Seeing my father cry was, uh, you know, that was surprising. But the next day they were, you know, right back to who they were and we’re not changing anything and we’re not backing down.
ASHLEY: What I hear in that moment to be perfectly honest is that your parents let you see them in their full humanity. And then they modeled for you. This is what you do. This is how you react to these moments when you are horrified. And when you are afraid, you, you stand up. You reorganize, you reset, you keep moving forward and you figure it out.
JEFFERY: Yeah, it was, it was. It was memorable.
[Music comes in, jazzy piano with relaxed hip hop beat]
ASHLEY: Right before Martin Luther King Jr. was assassinated, actually the reason King was in Memphis, was a sanitation worker’s strike.
Two employees had been killed by faulty equipment, and it wasn’t the first time. People were out demonstrating for better working conditions. Those demonstrators were being arrested left and right.
It was a reckoning: who had the right to protest? To demonstrate? Who decides?
And Jeffery had a front row seat to those inner workings of the law, sitting in court, with his dad.
JEFFERY: And I saw for the first time these people called ‘lawyer.’ And they were standing up and arguing about who would stay in jail and who wasn’t and the right to, uh, demonstrate. And I was amazed and, you know, I asked my father how, who are those guys?
From that moment. I knew I wanted to be a criminal defense lawyer.
ASHLEY: Jeffery’s graduating law school class was 550 students. Only 10 of them, including Jeffery, became defense attorneys. He spent the next thirty years trying more than 200 criminal cases, from shoplifting to first degree murder. He worked as the deputy legal director of the American Civil Liberties Union—the ACLU—fighting for equity and justice.
But a few years ago, it became more personal.
In 2011, Jeffery’s sister in law’s son, Matthew, came to live with them after Matthew’s mom and grandmother passed away pretty unexpectedly.

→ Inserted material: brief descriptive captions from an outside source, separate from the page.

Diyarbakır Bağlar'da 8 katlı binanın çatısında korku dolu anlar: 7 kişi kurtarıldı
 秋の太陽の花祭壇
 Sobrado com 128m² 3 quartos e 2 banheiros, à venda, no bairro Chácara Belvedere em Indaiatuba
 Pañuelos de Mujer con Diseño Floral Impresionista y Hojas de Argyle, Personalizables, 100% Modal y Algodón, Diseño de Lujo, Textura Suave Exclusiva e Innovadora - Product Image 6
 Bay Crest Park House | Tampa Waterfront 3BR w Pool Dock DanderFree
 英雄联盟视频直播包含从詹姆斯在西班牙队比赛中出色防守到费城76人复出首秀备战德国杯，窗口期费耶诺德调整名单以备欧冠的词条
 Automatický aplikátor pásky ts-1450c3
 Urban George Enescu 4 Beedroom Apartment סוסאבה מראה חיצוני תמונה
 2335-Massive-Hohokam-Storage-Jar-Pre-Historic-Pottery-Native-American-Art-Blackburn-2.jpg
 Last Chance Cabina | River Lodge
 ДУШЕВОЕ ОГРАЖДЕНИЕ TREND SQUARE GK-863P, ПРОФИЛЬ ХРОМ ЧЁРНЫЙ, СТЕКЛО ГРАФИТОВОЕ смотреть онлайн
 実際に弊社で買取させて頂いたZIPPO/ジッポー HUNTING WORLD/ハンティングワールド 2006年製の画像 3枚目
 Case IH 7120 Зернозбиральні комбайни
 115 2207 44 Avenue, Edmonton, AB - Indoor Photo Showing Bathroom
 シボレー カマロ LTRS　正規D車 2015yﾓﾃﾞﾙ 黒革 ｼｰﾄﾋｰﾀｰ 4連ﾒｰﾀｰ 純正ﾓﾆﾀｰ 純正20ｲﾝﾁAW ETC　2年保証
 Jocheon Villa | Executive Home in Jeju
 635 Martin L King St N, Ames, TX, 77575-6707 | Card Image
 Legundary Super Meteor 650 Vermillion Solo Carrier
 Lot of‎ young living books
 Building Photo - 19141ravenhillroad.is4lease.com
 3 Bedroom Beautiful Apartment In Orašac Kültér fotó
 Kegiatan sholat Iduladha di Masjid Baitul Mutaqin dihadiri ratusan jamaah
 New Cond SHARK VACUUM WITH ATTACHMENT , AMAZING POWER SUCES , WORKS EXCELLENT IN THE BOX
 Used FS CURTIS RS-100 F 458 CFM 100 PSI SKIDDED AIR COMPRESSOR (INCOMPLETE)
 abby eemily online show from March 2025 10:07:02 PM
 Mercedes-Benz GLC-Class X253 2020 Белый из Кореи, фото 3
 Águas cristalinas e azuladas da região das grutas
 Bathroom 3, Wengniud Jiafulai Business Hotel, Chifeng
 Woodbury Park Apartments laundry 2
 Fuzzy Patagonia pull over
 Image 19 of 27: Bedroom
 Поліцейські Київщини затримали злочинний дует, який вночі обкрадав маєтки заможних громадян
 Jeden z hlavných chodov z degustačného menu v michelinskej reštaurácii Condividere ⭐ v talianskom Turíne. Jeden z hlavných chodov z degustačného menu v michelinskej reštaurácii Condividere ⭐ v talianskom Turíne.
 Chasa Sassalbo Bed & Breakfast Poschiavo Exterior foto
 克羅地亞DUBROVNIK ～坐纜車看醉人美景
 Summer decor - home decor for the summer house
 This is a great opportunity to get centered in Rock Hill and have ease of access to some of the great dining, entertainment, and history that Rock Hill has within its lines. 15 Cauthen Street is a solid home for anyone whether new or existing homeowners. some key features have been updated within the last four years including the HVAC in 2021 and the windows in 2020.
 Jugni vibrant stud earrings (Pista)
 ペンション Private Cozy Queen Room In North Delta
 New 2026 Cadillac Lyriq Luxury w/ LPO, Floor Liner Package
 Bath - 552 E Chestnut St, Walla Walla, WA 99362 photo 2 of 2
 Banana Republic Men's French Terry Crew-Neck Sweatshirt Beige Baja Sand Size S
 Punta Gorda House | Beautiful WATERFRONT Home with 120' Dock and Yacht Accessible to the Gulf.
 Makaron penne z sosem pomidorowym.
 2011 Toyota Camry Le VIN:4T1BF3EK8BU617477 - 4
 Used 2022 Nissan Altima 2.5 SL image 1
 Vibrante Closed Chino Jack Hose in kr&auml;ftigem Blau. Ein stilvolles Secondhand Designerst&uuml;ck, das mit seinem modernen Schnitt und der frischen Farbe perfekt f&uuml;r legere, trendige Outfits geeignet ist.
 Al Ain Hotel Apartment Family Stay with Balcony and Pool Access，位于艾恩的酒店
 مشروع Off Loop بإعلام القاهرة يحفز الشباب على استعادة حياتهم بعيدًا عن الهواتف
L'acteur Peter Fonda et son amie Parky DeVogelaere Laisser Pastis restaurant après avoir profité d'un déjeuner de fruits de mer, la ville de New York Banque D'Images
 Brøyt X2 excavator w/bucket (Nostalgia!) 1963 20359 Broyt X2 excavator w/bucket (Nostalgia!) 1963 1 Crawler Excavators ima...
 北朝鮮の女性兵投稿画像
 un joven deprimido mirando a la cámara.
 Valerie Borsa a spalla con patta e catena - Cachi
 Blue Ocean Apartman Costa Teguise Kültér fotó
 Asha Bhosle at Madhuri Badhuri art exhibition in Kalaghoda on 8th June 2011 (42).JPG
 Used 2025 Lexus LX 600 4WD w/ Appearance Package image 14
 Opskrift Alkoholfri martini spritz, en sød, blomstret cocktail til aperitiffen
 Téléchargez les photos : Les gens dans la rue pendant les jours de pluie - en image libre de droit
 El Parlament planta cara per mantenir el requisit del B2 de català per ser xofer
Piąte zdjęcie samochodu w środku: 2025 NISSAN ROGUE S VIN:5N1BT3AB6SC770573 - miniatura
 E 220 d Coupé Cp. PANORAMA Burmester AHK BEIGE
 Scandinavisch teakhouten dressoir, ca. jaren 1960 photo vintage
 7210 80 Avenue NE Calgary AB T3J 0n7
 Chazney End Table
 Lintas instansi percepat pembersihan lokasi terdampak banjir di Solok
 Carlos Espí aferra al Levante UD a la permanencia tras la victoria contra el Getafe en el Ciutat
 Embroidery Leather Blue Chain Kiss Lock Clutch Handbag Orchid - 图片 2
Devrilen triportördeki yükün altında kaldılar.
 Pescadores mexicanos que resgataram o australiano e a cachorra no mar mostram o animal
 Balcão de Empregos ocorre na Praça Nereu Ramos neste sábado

JEFFERY: All of a sudden they were gone and we were his parents and he moved from New York to Seattle. And, we now had a 13 year old, uh, young black man, Taino Indian, Puerto Rican, and African-American, uh, darker than I am.
And, all of a sudden, all the stuff that I had been doing in my practice as a criminal defense lawyer, talking about, uh, racism in the criminal legal system but it’s different when there’s a kid in your house. That are going out the door and you’re thinking, what happens if the cops roll up on them tonight and trying to talk to him about that and hearing myself using words that were used by my father.
And that was a devastating to me. And I started looking for a help in like, how do you raise a black child in America.
ASHLEY: How to answer this question? Jeffery did what he does best: he turned to books. He’d read one thing, which led to two other things, which led to five more. Next thing you know, he’d gone back 200 years in American history, then forward 50. And it painted a picture.
JEFFERY: An unbroken timeline, from 1619 to today.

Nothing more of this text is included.